Prompt: Take the records below and print them verbatim up to and including the line that carries "Prédio à venda".

The data:
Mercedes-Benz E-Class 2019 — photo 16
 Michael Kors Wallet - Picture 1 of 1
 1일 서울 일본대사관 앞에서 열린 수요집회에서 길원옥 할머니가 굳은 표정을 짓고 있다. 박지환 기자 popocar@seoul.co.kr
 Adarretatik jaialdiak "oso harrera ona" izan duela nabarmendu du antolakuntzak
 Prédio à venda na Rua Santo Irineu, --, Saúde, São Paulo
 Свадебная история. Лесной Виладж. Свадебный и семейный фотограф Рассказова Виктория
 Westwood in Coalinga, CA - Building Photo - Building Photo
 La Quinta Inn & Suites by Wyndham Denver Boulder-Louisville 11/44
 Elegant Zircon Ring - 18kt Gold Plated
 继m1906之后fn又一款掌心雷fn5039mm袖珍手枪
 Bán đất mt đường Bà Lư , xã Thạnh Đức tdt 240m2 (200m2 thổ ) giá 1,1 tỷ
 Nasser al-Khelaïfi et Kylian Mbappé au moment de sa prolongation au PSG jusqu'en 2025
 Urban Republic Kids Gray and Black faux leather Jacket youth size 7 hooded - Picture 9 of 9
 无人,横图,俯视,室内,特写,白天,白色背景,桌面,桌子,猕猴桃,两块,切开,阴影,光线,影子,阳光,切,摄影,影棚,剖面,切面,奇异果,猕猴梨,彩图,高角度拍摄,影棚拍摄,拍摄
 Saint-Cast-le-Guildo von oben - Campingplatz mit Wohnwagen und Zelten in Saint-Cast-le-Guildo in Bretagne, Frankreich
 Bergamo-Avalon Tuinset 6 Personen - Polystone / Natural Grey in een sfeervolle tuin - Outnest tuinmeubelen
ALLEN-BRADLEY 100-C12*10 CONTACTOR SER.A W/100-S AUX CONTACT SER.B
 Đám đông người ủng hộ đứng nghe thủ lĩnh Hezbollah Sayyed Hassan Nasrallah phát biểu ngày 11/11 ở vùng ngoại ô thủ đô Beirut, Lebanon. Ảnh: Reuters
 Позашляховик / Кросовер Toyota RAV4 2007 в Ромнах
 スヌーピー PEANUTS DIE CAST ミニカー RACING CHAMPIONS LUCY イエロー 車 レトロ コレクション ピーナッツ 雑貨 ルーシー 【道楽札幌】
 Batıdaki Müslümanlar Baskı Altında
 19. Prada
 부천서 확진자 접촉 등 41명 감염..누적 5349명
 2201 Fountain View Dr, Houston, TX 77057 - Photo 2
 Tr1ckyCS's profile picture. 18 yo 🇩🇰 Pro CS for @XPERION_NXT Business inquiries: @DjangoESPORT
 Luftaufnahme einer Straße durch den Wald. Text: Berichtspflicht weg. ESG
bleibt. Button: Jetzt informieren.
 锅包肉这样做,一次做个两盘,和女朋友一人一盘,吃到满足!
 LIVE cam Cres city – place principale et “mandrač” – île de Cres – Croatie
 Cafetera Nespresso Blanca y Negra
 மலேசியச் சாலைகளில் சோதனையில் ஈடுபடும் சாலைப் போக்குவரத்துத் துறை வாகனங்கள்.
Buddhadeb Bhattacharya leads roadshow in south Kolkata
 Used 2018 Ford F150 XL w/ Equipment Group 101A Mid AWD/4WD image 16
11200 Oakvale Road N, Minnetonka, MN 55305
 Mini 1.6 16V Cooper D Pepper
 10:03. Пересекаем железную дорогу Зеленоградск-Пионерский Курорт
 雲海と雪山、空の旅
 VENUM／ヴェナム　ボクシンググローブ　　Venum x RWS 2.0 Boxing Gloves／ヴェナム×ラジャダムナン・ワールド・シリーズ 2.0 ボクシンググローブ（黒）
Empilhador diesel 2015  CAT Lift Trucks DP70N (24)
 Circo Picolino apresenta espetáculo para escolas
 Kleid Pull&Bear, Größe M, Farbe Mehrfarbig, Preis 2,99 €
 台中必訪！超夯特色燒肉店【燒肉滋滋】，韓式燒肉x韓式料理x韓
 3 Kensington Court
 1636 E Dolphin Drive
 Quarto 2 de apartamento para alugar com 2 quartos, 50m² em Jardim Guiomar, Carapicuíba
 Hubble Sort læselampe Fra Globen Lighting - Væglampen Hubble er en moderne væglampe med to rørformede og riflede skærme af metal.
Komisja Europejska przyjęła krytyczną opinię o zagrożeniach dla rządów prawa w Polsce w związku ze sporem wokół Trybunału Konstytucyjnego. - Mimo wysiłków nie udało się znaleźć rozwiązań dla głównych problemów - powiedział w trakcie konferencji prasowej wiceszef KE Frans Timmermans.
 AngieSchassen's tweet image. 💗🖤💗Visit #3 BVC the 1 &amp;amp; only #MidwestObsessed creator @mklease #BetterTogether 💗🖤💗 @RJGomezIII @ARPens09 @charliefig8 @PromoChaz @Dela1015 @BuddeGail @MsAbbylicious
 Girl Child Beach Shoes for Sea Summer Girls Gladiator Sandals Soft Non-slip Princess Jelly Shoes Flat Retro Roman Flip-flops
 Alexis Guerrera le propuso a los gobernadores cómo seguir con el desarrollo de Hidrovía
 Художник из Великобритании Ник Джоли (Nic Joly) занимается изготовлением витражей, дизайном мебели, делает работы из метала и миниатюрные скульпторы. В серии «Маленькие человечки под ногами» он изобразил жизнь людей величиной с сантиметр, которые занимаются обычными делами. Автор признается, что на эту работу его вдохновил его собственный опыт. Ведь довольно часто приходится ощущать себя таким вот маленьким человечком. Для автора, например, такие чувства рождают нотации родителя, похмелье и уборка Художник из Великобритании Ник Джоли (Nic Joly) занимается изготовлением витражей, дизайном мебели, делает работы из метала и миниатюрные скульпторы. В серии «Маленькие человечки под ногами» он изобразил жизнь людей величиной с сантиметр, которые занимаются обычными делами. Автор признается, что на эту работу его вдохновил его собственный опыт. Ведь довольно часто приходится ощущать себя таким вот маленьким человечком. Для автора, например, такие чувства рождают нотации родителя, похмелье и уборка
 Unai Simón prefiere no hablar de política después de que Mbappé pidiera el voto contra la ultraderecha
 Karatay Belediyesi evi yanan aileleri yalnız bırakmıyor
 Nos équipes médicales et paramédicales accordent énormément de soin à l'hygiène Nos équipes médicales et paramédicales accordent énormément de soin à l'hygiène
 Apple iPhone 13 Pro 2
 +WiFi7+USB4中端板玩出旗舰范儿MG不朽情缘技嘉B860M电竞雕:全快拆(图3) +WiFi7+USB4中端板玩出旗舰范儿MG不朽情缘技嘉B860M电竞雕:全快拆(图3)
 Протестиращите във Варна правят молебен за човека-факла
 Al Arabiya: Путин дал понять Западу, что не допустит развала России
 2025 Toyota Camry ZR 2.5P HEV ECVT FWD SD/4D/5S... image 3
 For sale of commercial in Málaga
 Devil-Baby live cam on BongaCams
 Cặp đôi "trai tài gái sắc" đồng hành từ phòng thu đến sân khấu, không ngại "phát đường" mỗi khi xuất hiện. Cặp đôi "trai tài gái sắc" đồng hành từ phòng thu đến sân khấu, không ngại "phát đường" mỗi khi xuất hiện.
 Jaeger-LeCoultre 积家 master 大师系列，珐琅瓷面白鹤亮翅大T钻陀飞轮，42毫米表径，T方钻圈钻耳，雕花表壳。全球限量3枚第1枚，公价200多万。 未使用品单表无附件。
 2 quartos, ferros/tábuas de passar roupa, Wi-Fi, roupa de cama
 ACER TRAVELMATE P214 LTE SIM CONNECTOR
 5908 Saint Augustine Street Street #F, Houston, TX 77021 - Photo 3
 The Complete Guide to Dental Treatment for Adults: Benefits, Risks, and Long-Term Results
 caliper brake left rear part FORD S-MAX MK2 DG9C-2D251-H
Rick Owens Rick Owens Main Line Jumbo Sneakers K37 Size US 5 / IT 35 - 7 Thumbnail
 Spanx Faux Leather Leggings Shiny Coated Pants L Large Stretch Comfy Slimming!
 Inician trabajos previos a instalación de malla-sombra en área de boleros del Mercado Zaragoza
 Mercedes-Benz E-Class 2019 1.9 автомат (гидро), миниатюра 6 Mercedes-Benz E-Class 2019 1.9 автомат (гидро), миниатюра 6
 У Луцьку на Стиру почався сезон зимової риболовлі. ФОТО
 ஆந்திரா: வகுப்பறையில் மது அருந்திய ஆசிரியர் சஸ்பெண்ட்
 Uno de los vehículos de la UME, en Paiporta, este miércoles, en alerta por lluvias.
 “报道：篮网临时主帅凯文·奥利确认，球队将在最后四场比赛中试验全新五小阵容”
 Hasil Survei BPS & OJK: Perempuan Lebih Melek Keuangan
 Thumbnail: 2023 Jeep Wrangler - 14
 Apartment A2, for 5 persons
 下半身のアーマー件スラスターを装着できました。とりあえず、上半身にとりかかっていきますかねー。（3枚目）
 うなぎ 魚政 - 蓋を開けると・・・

Answer to this problem:
Mercedes-Benz E-Class 2019 — photo 16
 Michael Kors Wallet - Picture 1 of 1
 1일 서울 일본대사관 앞에서 열린 수요집회에서 길원옥 할머니가 굳은 표정을 짓고 있다. 박지환 기자 popocar@seoul.co.kr
 Adarretatik jaialdiak "oso harrera ona" izan duela nabarmendu du antolakuntzak
 Prédio à venda na Rua Santo Irineu, --, Saúde, São Paulo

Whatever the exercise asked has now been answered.